Turning a 478-page manual into an MCP knowledge base


The Elektron Octatrack Notebook is 478 pages. It is dense. When I need one answer, I don’t want to read 478 pages to find it, and I don’t want to paste the whole thing into an LLM and hope it doesn’t make something up.

So I built a knowledge base from it. It is served over an MCP server. The model queries it like a tool and gets back page-accurate sections. No guessing.

The problem with “just ask the LLM”

Two bad options:

  • Dump the whole manual into context. Expensive, slow, and the model still drifts.
  • Ask from memory. The model invents menu paths that don’t exist.

I wanted a third option. Store the manual once, in a form the model can search, and return only the relevant parts. Generative AI builds the base. At query time there is no generation at all — just retrieval.

Three layers

The KB has 179 items in three layers:

  • Reference sections (149) — one per numbered section of the manual, all 16 chapters. Each is a Markdown file with frontmatter: id, chapter, section, source_pages, concepts, usage_modes.
  • Concept graph (168 concepts) — built by inverting the frontmatter. For one concept you get its definition, every section that mentions it, and related concepts.
  • Workflow guides (30) — task-oriented micro-guides for the highest-value jobs, like “sample a live source”. Each guide cites the reference sections it was built from.

The identity of a chunk is its id, not the filename. So I can rename files on disk and the concept links still hold.

How a query looks

You ask a normal question:

How do I sample a live audio source on the Octatrack?

The server returns the matching guide (sample-a-live-source) plus the source sections it draws from (audio-inputs, pickup-machine-basics, recording-setup). Page-accurate. No extra AI cost.

Retrieval is local and hybrid:

final_score = vec_similarity + 0.5 × fts_rank + 0.25 × concept_boost
  • vec_similaritysqlite-vec, embeddings from bge-small-en-v1.5 (384-dim), computed on CPU.
  • fts_rank — FTS5 keyword match, for exact terminology like parameter-lock.
  • concept_boost — a bonus when a query word matches a chunk’s concept tags.

Vector search alone misses exact terms. Keyword search alone misses paraphrases. Together they cover both.

The MCP server

The server uses FastMCP and exposes 8 tools:

ToolPurpose
searchHybrid search over sections and guides
get_chunkFetch one section or guide by id
get_conceptDefinition, all mentions, related concepts
list_workflowsAll 30 guides
get_workflowOne full guide with its sources
list_usage_modesThe 8 usage modes with counts
by_usage_modeFilter by mode, e.g. sampler
compare_approachesTop guides for a task, side by side

It runs in Claude Desktop and in Claude Code.

Building it

The build is a pipeline of 9 stages.
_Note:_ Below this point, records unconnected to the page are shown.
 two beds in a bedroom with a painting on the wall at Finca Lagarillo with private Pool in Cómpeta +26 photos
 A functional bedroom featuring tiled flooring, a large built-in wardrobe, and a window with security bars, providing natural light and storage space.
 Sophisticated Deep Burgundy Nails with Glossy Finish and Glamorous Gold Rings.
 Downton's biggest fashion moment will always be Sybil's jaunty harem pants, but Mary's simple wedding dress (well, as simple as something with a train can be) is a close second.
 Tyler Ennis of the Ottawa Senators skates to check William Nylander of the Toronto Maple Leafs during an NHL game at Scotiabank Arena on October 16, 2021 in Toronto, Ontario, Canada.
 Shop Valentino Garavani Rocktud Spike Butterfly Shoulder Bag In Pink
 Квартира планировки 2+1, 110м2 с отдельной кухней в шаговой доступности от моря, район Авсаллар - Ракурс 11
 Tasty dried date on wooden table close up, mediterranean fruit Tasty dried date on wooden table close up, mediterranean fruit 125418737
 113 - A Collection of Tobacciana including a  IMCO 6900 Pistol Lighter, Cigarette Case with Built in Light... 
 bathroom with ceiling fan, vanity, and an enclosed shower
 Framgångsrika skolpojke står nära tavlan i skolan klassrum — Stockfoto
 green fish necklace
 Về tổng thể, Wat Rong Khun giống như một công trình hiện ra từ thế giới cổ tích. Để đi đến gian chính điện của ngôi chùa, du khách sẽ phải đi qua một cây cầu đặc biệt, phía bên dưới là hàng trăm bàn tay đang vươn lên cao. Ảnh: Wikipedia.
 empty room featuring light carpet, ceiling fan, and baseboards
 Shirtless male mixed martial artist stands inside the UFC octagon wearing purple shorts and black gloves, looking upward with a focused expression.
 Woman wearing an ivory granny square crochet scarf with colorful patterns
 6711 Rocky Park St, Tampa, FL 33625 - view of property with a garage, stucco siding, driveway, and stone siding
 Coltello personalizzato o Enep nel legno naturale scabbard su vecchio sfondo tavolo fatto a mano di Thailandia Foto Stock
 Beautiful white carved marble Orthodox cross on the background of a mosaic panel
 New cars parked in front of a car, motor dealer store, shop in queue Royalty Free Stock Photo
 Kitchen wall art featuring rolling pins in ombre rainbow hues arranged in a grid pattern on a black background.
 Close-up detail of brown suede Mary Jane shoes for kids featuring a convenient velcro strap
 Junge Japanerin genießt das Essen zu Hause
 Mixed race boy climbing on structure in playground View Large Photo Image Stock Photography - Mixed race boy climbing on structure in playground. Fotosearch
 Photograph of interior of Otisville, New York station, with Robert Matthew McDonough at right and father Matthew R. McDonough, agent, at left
Every stage skips work it already did, so a crashed run resumes where it stopped.

  1. Render the PDF to images (200 DPI).
  2. Build a table of contents from the page text.
  3. Extract each page with vision.
  4. Assemble pages into section chunks.
  5. Tag concepts and usage modes.
  6. Reconcile slug aliases (193 raw slugs down to 168 canonical).
  7. Invert the frontmatter into the concept graph.
  8. Author the 30 guides, then verify them against the source.
  9. Build the SQLite search index.

All the model work runs on my Claude Max subscription, through the claude CLI. Flat rate, no per-page bill.

That has one cost: rate limits. Opus hit its window at page 151 of 478. I resumed extraction with Sonnet, which draws less. Because every stage is idempotent, I just waited and re-ran. It picked up from where it stopped.

One thing that paid off

The guides are authored by Opus, then checked by a second pass with Sonnet against the source sections. 10 of the 30 needed a fix on that pass. Without the verification step, those 10 would have shipped wrong.

Generate, then verify. The two passes are cheap compared to one wrong answer in a 478-page manual.

What I got

  • A manual I can actually query.
  • Answers tied to real page ranges, not invented ones.
  • No AI running at query time, so it is fast and free to ask.
  • A pipeline I can point at a different manual and run again.

The method is not specific to the Octatrack. Any large, dense manual works the same way.